┌────────

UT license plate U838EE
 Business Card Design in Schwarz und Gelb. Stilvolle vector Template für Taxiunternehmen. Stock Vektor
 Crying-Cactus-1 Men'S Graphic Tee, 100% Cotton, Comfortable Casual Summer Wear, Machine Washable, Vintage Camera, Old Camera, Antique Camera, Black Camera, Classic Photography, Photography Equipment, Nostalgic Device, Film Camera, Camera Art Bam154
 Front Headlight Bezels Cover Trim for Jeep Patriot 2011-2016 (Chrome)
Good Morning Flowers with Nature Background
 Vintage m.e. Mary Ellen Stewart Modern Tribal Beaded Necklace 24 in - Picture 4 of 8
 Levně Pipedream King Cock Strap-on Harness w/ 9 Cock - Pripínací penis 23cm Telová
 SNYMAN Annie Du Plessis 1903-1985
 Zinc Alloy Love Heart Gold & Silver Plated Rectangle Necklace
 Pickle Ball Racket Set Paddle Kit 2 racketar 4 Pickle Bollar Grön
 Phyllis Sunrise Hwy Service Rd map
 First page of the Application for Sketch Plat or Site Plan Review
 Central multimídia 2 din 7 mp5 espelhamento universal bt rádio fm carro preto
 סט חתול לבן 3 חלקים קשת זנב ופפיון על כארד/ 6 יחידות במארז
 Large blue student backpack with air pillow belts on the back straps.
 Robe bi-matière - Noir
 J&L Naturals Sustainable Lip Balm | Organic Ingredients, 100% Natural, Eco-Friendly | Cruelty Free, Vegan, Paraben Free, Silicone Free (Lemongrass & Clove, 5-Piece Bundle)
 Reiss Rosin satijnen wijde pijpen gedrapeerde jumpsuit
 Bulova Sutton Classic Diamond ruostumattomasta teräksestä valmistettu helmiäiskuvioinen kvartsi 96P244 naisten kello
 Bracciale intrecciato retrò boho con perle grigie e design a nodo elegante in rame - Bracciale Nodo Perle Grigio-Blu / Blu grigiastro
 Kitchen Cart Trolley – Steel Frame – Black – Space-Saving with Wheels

└────────

• [Task to complete] Every line above from the line with "Phyllis Sunrise Hwy Service Rd map" to the line with "Robe bi-matière - Noir", both included, must be reproduced exactly, and no other line may appear.

• [Problem solution]
 Phyllis Sunrise Hwy Service Rd map
 First page of the Application for Sketch Plat or Site Plan Review
 Central multimídia 2 din 7 mp5 espelhamento universal bt rádio fm carro preto
 סט חתול לבן 3 חלקים קשת זנב ופפיון על כארד/ 6 יחידות במארז
 Large blue student backpack with air pillow belts on the back straps.
 Robe bi-matière - Noir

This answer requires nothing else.